Without adequate storage, service interruptions could occur." (Kanold Decl., P. 28.)
The Project will replace the wooden roof previously impacted by the Thomas Fire with a concrete, two-way slab. (Kanold Decl., P. 28.) This will offer greater protection to the Reservoir and the community during fire season. (Ibid.) The District provided evidence that new reinforced concrete walls and foundations are required to meet current seismic standards. (Kanold Decl., P. 29 & Compendium, Ex. 9 at pp. 17, 58.) The District has secured public funding for the Project, which will cost approximately $5,574,367. (Kanold Decl., P. 31.)
The funding agreement with the State Water Resources Control Board requires completion of the Project by September 30, 2027. (Kanold Decl., P. 31 & Compendium, Ex. 14.) Without timely access, the District will lose the grant funding. (Kanold Decl., P. 31.) The District has caried its burden to demonstrate the Reservoir is a unique property providing a unique service to the community and that money damages are insufficient if the PI is not granted. The court is particularly persuaded as to the firefighting and community safety issues.

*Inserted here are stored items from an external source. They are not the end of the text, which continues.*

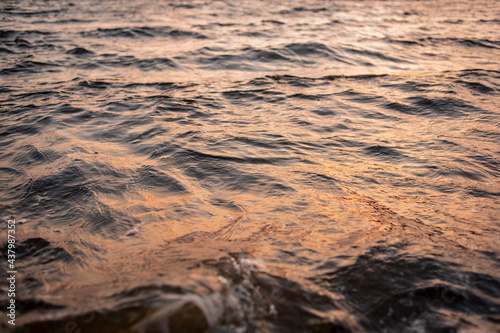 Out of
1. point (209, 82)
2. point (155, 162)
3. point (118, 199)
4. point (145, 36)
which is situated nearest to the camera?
point (118, 199)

Miradero concedes "the potential firefighting and safety benefits that this Project can bring ...." (Opp., p. 15, l. 23.)
(6) Likelihood of Success on the Mertis " 'An easement is an interest in the land of another, which entitles the owner of the easement to a limited use or enjoyment of the other's land. [Citations.] [P.] An easement creates a nonpossessory right to enter and use land in another's possession and obligates the possessor not to interfere with the uses authorized by the easement.' [Citation.] [E]asements may be created by an express grant, an implied grant, or by prescription." (Batta v. Hunt (2024) 106 Cal.App.5th 295, 304-305, internal quotation marks omitted.)
The first cause of action seeks a judgment confirming an easement by implication that the District is entitled to reasonable access to the Property to perform its Upkeep Obligations under the 1924 Indentures. (Compl., p. 8, l. 20 - p. 10, l. 21.) The second cause of action seeks similar relief on the basis of an equitable easement. (Compl., p. 10, l. 22 - p. 12, l. 12.)
"The law does not favor the implication of easements. Such implication can only be made in connection with a conveyance, and[,] in view of the rule that a conveyance is to be construed against the grantor, the court will imply an easement in favor of the grantee more easily than it will imply an easement in favor of a grantor. Whether an easement arises by implication on a conveyance of real estate depends on the intent of the parties, which must clearly appear in order to sustain an easement by implication. In order to determine the intent, the court will take into consideration the circumstances attending the transaction, the particular situation of the parties, and the state of the thing granted." (Thorstrom v. Thorstrom (2011) 196 Cal.App.4th 1406, 1420 (Thorstrom).)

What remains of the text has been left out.